TOKYO (Reuters) – Oil prices fell on Thursday, extending losses from the previous session after official data showed U.S. crude and gasoline stocks rose against expectations and production hit a record.
Brent crude futures <LCOc1> were down 16 cents, or 0.3%, at $63.90 a barrel by 0141 GMT, having dropped 0.3% on Wednesday.
U.S. West Texas Intermediate crude <CLc1> fell 21 cents, or 0.4%, to $57.90, after falling 0.5% in the previous session.
Crude stockpiles in the United States swelled 1.6 million barrels last week as production hit a record high of 12.9 million barrels per day (bpd) and refinery runs slowed, the Energy Information Administration said.
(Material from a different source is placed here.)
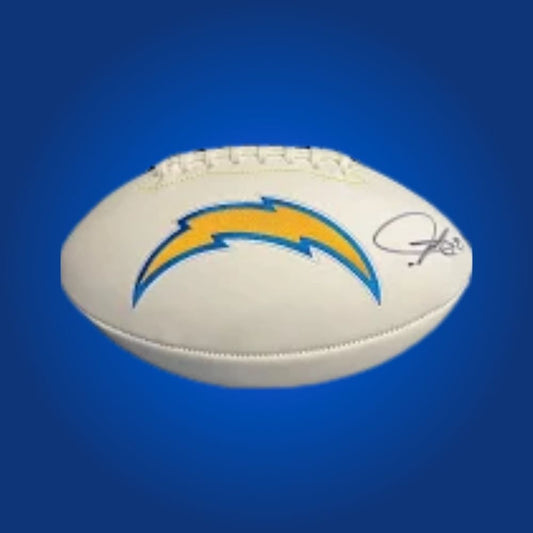 LaDainian Tomlinson signed Los Angeles Chargers logo football, an iconic collectible for fans of the Hall of Fame running back, authenticated for confidence.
Analysts in a Reuters poll had forecast an inventory drop of 418,000 barrels.
More bearish was a 5.1 million-barrel rise in gasoline stocks, compared with forecasts for a 1.2 million-barrel gain.
Oil prices had risen earlier this week on expectations that China and the United States, the world’s two biggest crude users, would soon sign a preliminary agreement, putting an end to their 16-month trade dispute.
“The stock data overshadowed other supply-side issues and a general pick-up in sentiment regarding the U.S.-China trade deal,” ANZ Research said in a note.
Forces based in eastern Libya said on Wednesday they had driven rival factions from the 70,000-bpd El Feel oilfield after attacking the area with air strikes, leading to production being halted and raising some worries about supply.
In the United States as well, energy services company Baker Hughes <BRK.N> reported that U.S. oil drillers reduced the number of drilling rigs for a record 12 months in a row.
Drillers cut three oil rigs in the week to Nov. 27, bringing the count down to 668, lowest since April 2017, Baker Hughes said in its report released a day early due to the U.S. Thanksgiving holiday.